We all know about corrosion. Materials, usually metals, are attacked by their surroundings and they rust. Often moist air is the cause.


Apart from the very few noble metals like gold, metals are unstable. You have to put a lot of energy in to extract a metal from its ore. So it's relatively easy for nature to convert metals back to a more stable form, like an oxide, sulphide or hydroxide, by a chemical (or electrochemical) reaction. What's not so obvious is that there are different kinds of corrosion, and materials can be affected in different ways.


If steels rust, that removes metal and adds oxide. The oxide is weak and loss of metal reduces the strength of the component and can lead to failure. We try to stop that by coating the metal so that the environment is kept out, for example, by painting.


Another way is to add alloying elements which protect the metal. So we add chromium to steel to make stainless steel. The chromium forms an adherent oxide on the surface which stops the steel corroding. Even if the surface is scratched, the oxide re-forms and continues to protect the steel.

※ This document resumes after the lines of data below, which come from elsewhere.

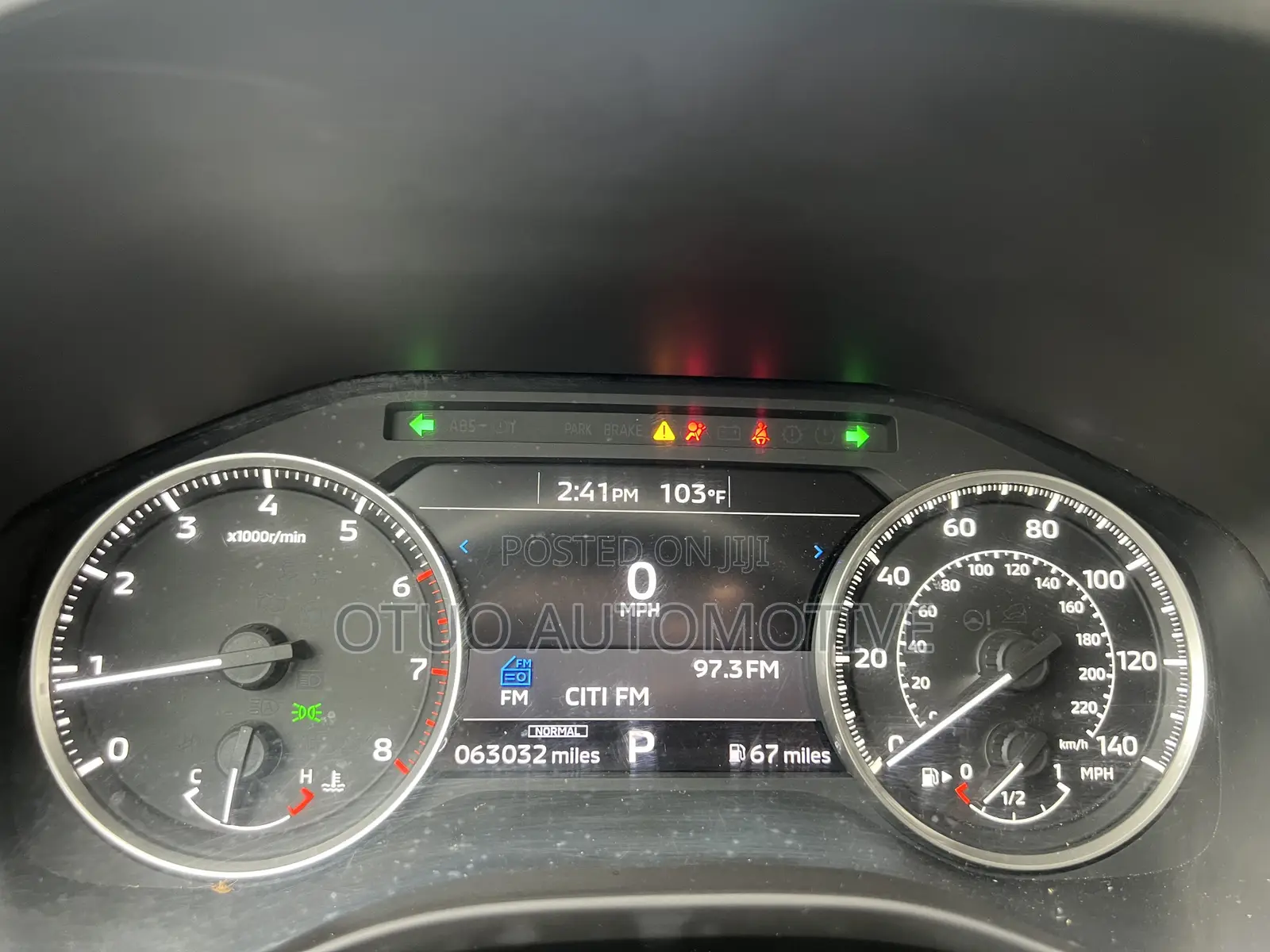 Mitsubishi Outlander 2021 Silver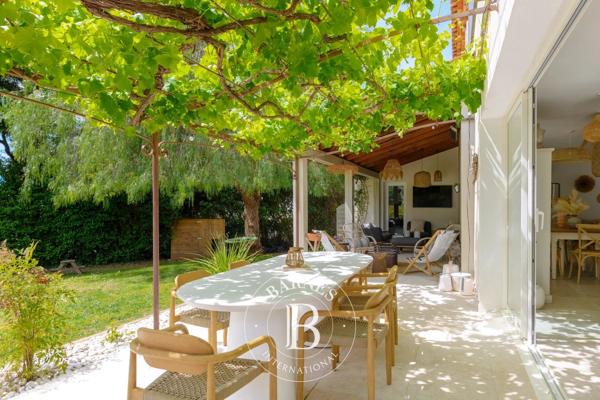 Sanary-sur-Mer, Villa 5 Chambres -  162 m² à vendre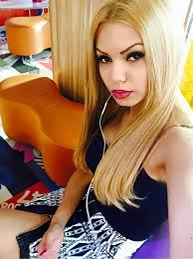 E doar o amintire a divei care defila la brațul lui Nicolae Guță! Beyonce de România s-a îngrășat și nu se mai aranjează deloc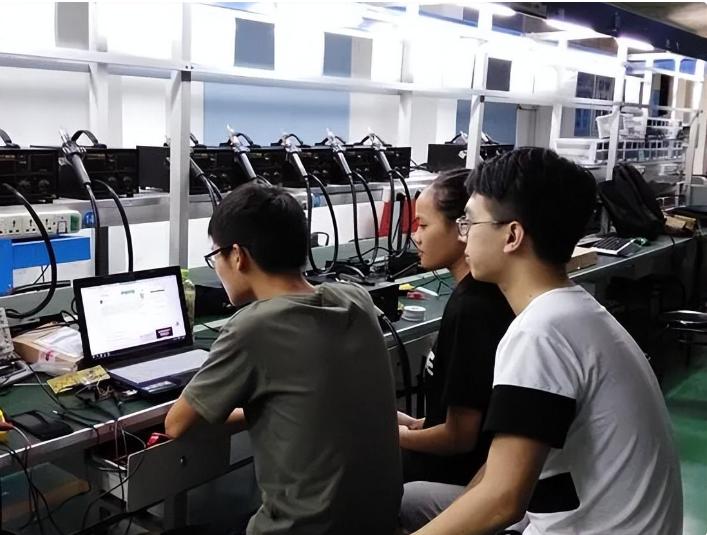 就业前景好的10大本科专业,文科生高薪专业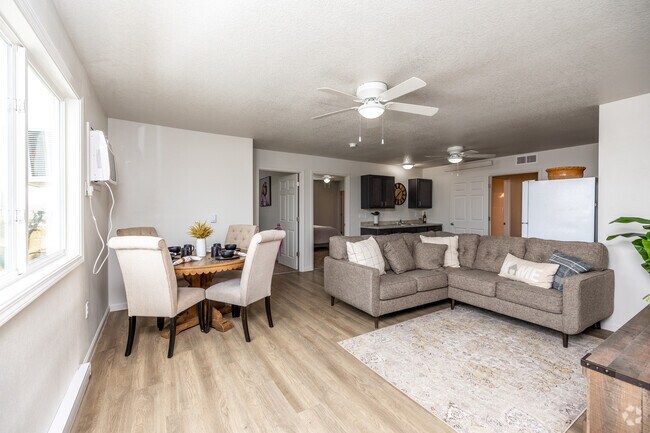 3BR, 2BA - Elizabeth/1,235 SF - Terrace View by Kading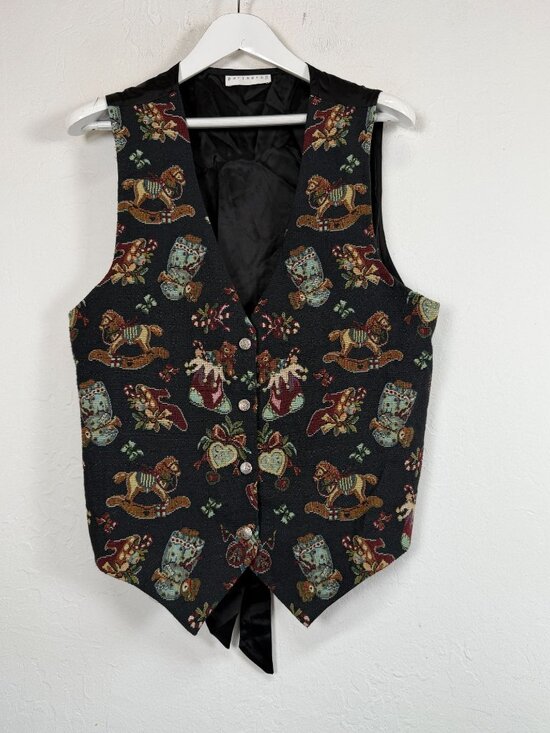 Partners II Jackets & Blazers - Vintage Partners II Womens Black Holiday Tapestry Print Vest Rocking Horse Candy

Near the sea, there's a lot of salt in the air and this makes the air more aggressive and corrosion is much greater. If the steel is actually immersed, then the salt water allows electric currents to be set up between the different metals, leading to greater corrosion still (galvanic corrosion).


This can be reduced by deliberately attaching a metal more prone to corrosion so that it corrodes in preference to the steel - a sacrificial anode.

For this to work, there must be good electrical contact between the two metals, and their surroundings must be conductive too - sea water is good!

Galvanizing, or coating with zinc usually by hot dipping, works in a similar way.

It's not just air and water that can lead to corrosion. Microbes such as bacteria can produce acids or other chemicals which can attack materials. Sewers are vulnerable to biodeterioration - the mortar between the brickwork, for example, can be damaged by biogenic sulphuric acid.

Even glass can corrode. Although it's very water-resistant it can be attacked by culinary acids, sucrose and tannin from red wine etc.


If a stress is acting on a material, even if the surrroundings are only mildly corrosive, we can get 'stress corrosion cracking'. This occurs with plastics and rubber too. Cracks in rubber due to ozone are shown on the right.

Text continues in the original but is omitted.